3. Phase 2 — LAL single-node. Block-level hooks in LALClassGenerator.generateExecuteMethod; terminal-output capture in RecordSinkListener.parse; metric-output capture in MetricExtractor.submitMetrics. Statement-level capture is opt-in via granularity: "statement" and emits LALDebug.captureLine(...) per meaningful AST statement under a compile-time flag. UI LAL grid lights up.
4. Phase 3 — OAL single-node. Per-clause hooks in the OAL FreeMarker template dispatcher/doMetrics.ftl — source / filter[i] / build / aggregation / emit. UI OAL waterfall lights up. Picker fed by the read-only OAL management API shipped in Phase 0.
5. Phase 4 — Cluster fan-out. InstallDebugSession / CollectDebugSamples / StopDebugSession / StopByClientId on the admin-internal gRPC bus, aggregation in the receiving node, nodes[] in the response shape.
6. Phase 5 — UI polish + docs. End-to-end e2e test (push → debug session → payload assertion), docs/en/setup/backend/dsl-debug-session-api.md, screenshot walkthrough.

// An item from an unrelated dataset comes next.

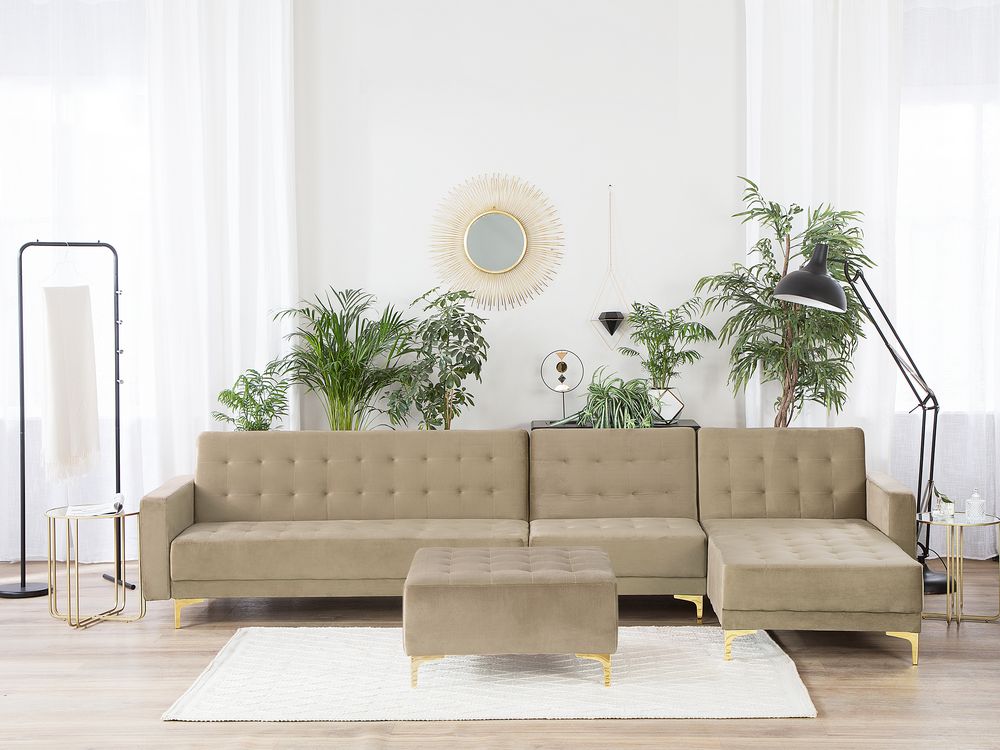 Sofá cama esquinero de terciopelo beige claro con reposapiés izquierdo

Phase 0 is independent. Phases 1-3 then deliver per-DSL value independently; Phase 4 unlocks cluster usage; Phase 5 lands the ops story.

Imported Dependencies libs and their licenses

None. Implementation stays inside the existing module set (Javassist for codegen already depended on, Apache 2.0; Armeria HTTP host reused from admin-server, Apache 2.0; admin-internal gRPC bus reused from admin-server).

Compatibility

Operator-facing change — runtime-rule HTTP keys consolidate onto admin-server

This SWIP introduces one operator-facing config break, deliberately scoped to the recently-shipped runtime-rule preview (PR #13851). No released telemetry/query APIs are moved or removed.

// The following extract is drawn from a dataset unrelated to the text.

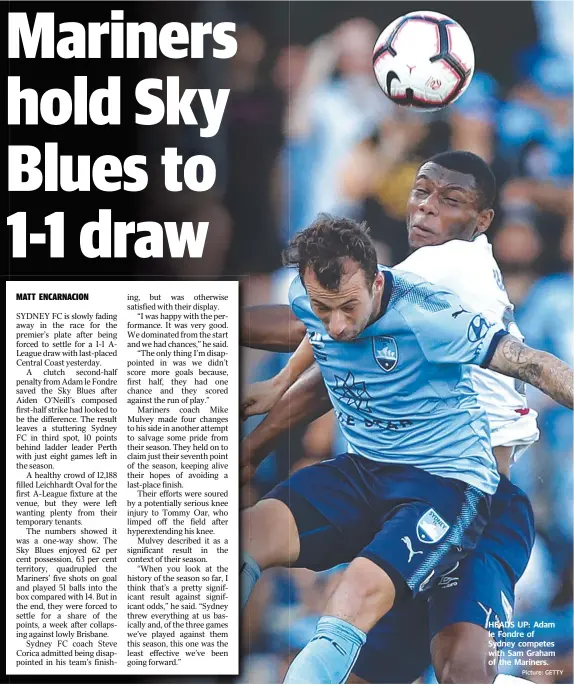  ?? Picture: GETTY ?? HEADS UP: Adam le Fondre of Sydney competes with Sam Graham of the Mariners.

What changes	What operators do
Runtime-rule’s HTTP-server keys (receiver-runtime-rule.rest* / SW_RECEIVER_RUNTIME_RULE_REST_*) are removed; their values move to admin-server: (SW_ADMIN_SERVER_*). The runtime-rule URL paths and the port number (default 17128) are unchanged.	Operators using SW_RECEIVER_RUNTIME_RULE=default must also set SW_ADMIN_SERVER=default. OAP fails fast at startup if runtime-rule is enabled without admin-server.

Released APIs left untouched:

• GET /status/config/ttl stays on the query port (12800) via status-query-plugin/TTLConfigQueryHandler.
• GET /debugging/config/dump and the other /debugging/query/* step-through endpoints stay on the query port via status-query-plugin/DebuggingHTTPHandler.
• /runtime/rule/* URL paths and the runtime-rule admin port (17128) are preserved; only the YAML config keys feeding them change.